An exact copy of the lines of the listing below between the "Подвеска, двигатель CORTECO 49432293" line and the "4673 Hairston Crossing" line, both included, is the whole answer; please omit the pictures.

[Provided records — start]

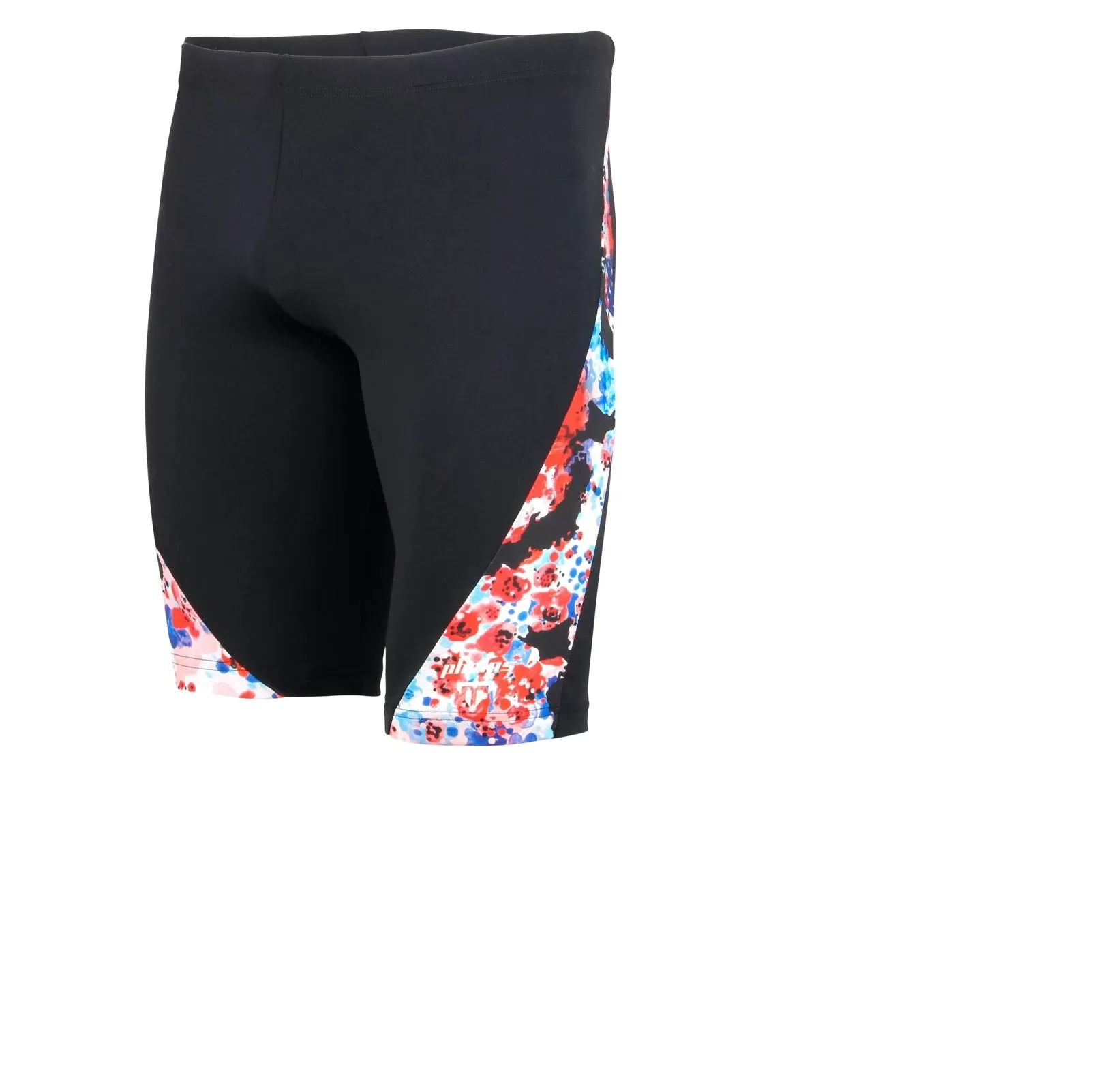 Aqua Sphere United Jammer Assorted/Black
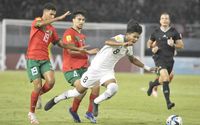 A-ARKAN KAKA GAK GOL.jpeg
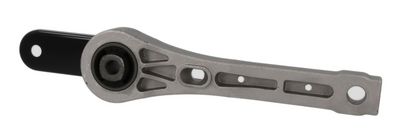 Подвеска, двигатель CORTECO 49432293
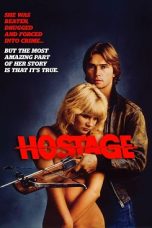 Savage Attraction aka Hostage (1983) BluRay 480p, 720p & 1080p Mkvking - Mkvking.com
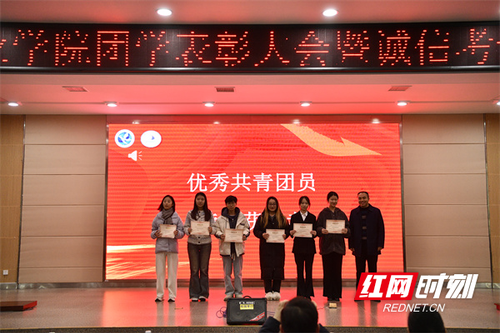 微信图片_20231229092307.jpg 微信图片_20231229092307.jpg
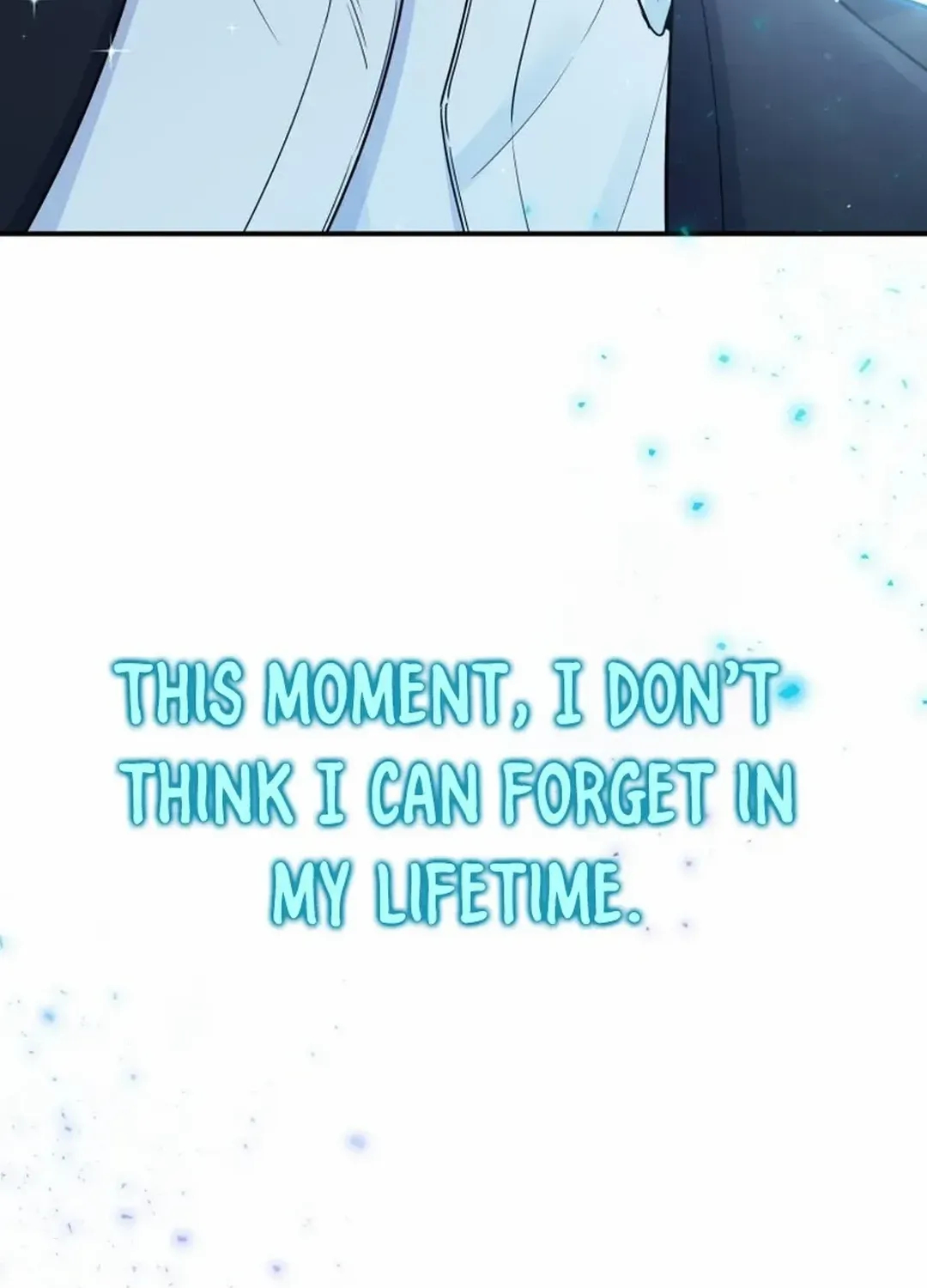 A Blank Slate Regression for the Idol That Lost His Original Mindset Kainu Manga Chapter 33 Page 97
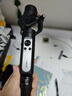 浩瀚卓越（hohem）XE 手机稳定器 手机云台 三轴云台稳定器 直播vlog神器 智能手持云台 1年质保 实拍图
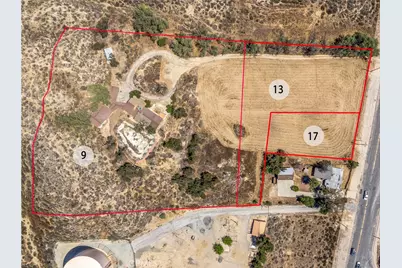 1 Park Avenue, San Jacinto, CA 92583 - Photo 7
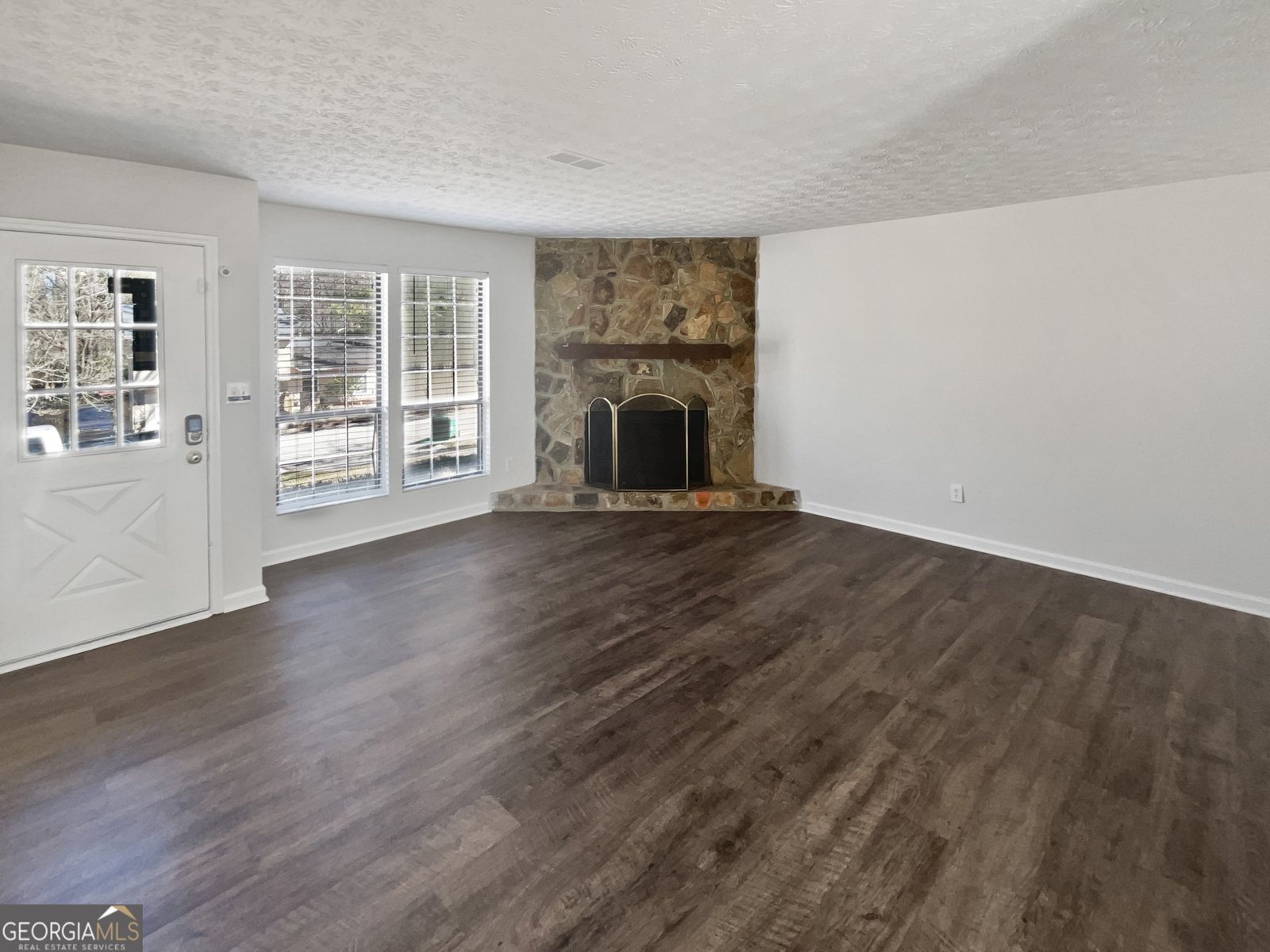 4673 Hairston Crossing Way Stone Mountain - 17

[Provided records — finish]
[Provided records — start]

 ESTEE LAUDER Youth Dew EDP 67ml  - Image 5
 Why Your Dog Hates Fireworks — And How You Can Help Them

[Provided records — finish]

■ **Completed exercise**
 Подвеска, двигатель CORTECO 49432293
 Savage Attraction aka Hostage (1983) BluRay 480p, 720p & 1080p Mkvking - Mkvking.com
 微信图片_20231229092307.jpg 微信图片_20231229092307.jpg
 A Blank Slate Regression for the Idol That Lost His Original Mindset Kainu Manga Chapter 33 Page 97
 浩瀚卓越（hohem）XE 手机稳定器 手机云台 三轴云台稳定器 直播vlog神器 智能手持云台 1年质保 实拍图
 1 Park Avenue, San Jacinto, CA 92583 - Photo 7
 4673 Hairston Crossing Way Stone Mountain - 17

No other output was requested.